Adjustments to the net loss for the first quarter of 2015 included non-cash commodity derivative losses of approximately $60 million, as a result of the value change of the Company's existing crude oil and natural gas hedge positions as of the end of the quarter.  The Company also adjusted for certain asset impairment charges totaling $27 million pre-tax, which primarily related to changes in abandonment cost expectations for the Noa and Pinnacles fields offshore Israel.  The effective tax rate on adjusted income for the quarter was 82 percent, with 76 percent of the adjusted tax provision being deferred. 

OPERATIONS UPDATE

DJ BASIN
In the DJ Basin, sales volumes averaged a record 116 MBoe/d in the first quarter of 2015, up 22 percent versus the first quarter of 2014 and eight percent from the fourth quarter of 2014.  Liquids made up 64 percent of DJ Basin volumes (50 percent crude oil and condensate and 14 percent natural gas liquids) and 36 percent was natural gas.  Total liquids volumes in the DJ Basin were up 12 thousand barrels per day (MBbl/d) versus the first quarter of last year, with more than 80 percent of the liquids growth being crude oil. 
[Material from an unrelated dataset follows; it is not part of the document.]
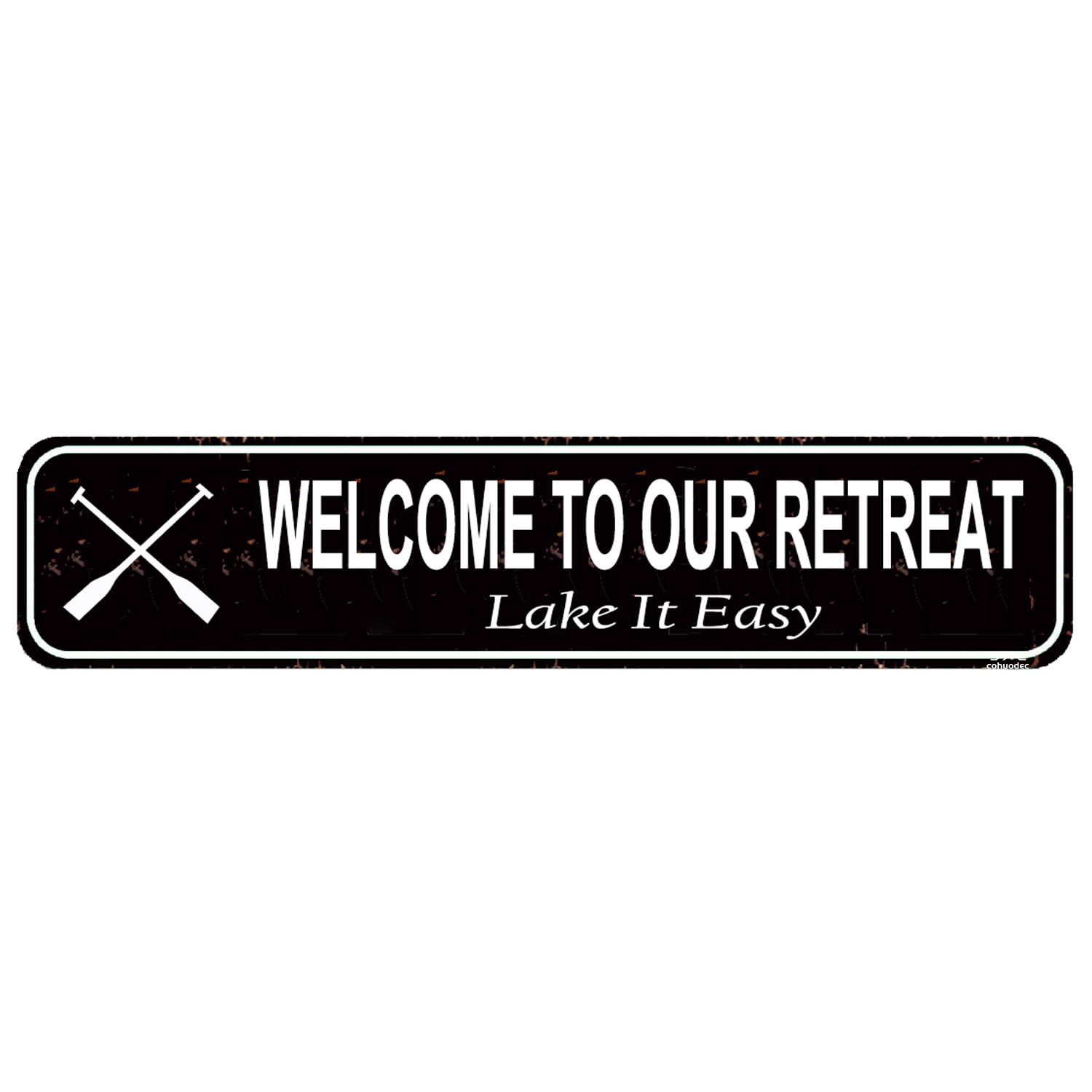 Welcome to Our Retreat 'Lake It Easy' Metal Sign - Rustic Canoe Paddle & Lake House Decor - Relaxing Front Door Welcome Sign - Vintage Tin Wall Art - 4x16 Inch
The average spud to rig release time for an operated standard length well (4,500 lateral feet) in the DJ Basin during the first quarter of 2015 was 7 days, or 23 percent lower than the average drilling time in the first quarter of 2014.  Reduced drilling times are resulting in a higher well count to be drilled in 2015 versus original plans.  Noble Energy is supplementing its one full-time completion unit with a second completion team, on an as needed basis, in the second half of the year.  The Company exited the first quarter with 4 drilling rigs operated in the DJ Basin.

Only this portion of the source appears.